Records shown —
○ ○ ○ ○
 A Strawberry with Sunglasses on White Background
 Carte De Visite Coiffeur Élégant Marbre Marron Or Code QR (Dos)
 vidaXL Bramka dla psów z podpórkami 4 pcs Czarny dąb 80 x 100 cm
○ ○ ○ ○
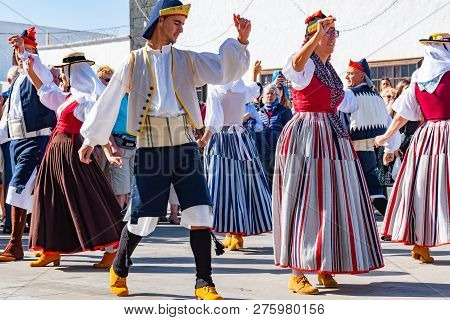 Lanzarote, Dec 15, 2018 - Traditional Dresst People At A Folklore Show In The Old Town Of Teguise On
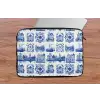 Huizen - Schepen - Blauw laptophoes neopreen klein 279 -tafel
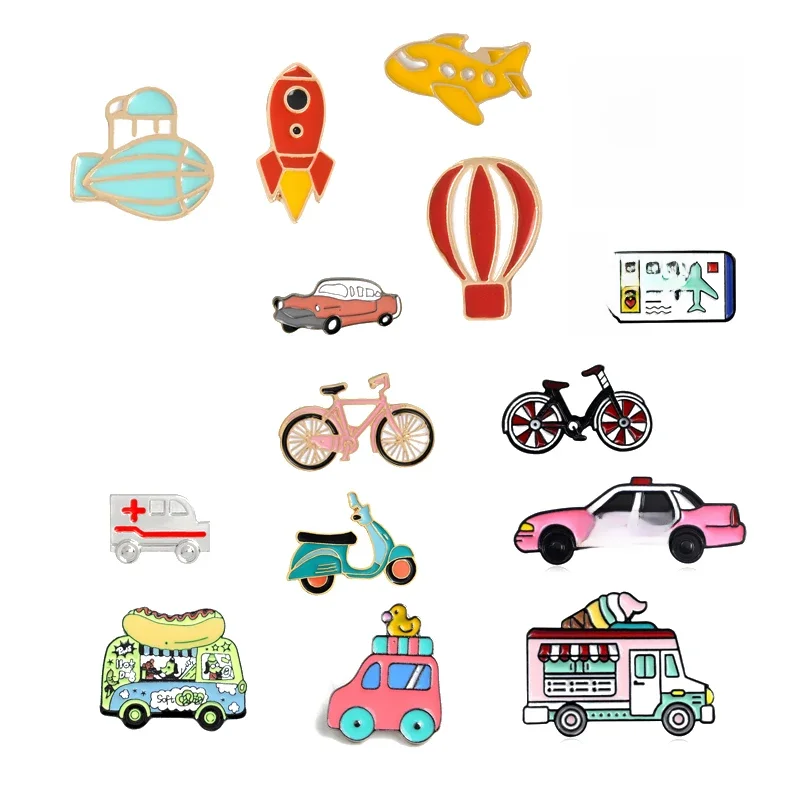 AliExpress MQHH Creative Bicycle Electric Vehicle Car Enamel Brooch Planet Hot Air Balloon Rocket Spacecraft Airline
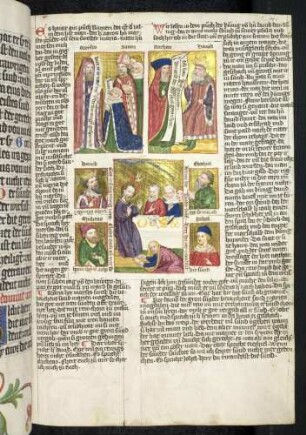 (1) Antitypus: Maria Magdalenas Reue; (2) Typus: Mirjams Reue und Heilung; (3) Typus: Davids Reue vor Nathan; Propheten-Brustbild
○ ○ ○ ○
Task objective — Give back, exactly and without pictures, the stretch of the records above from the line containing "Lanzarote, Dec 15, 2018" through the line containing "(1) Antitypus: Maria", with both end lines included.

Reply to the task —
 Lanzarote, Dec 15, 2018 - Traditional Dresst People At A Folklore Show In The Old Town Of Teguise On
 Huizen - Schepen - Blauw laptophoes neopreen klein 279 -tafel
 AliExpress MQHH Creative Bicycle Electric Vehicle Car Enamel Brooch Planet Hot Air Balloon Rocket Spacecraft Airline
 (1) Antitypus: Maria Magdalenas Reue; (2) Typus: Mirjams Reue und Heilung; (3) Typus: Davids Reue vor Nathan; Propheten-Brustbild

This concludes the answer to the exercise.